Jeffrey Miron
This article appeared on SubStack on July 3, 2023.
Last week Maine legalized the sale—but not the purchase—of prostitution services, becoming the first state to enact such a law. (Nevada allows legal prostitution in counties with fewer than 700,000 residents; Rhode Island had no law against indoor prostitution between 1980 and 2009.)
Maine’s policy is a step in the right direction, but as with laws that legalize drug possession but not production or sale, removing criminal penalties from only one side of the market is a minor step that can be worse than no legalization at all.
Under partial legalization, the prostitution market remains underground, with all the attendant negatives: violence, corruption, and poor “quality control,” meaning greater transmission of sexually transmitted diseases.

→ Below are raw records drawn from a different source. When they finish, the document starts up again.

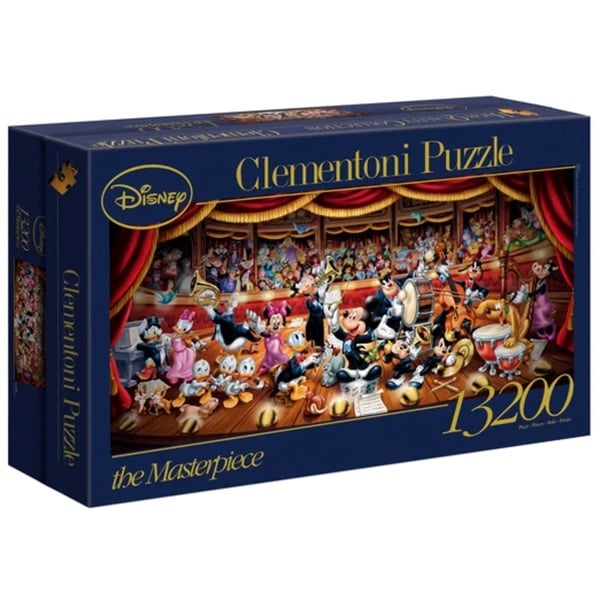 Clementoni 38010 Puzzle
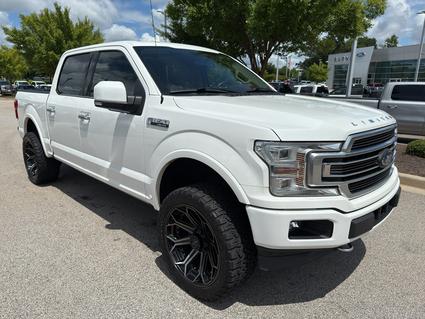 2020 Ford F-150 York SC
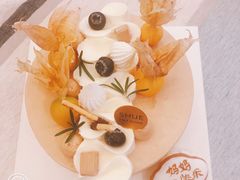 -半勺舒舒生日蛋糕店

De‐criminalizing only the supply side improves the well‐being of prostitutes. The risk, however, is that when other evils of underground markets continue, some observers assert that legalization has failed. This happens repeatedly in debates over decriminalized drug markets.
The ideal policy is therefore full legalization of prostitution that involves consenting adults. Child prostitution and trafficking are different stories, since both involve coercion (presumptively for children, as with statutory rape laws, or explicitly for children and adults when traffickers use deception and force). The most effective way to eliminate these components of the market is full legalization of adult, voluntary transactions.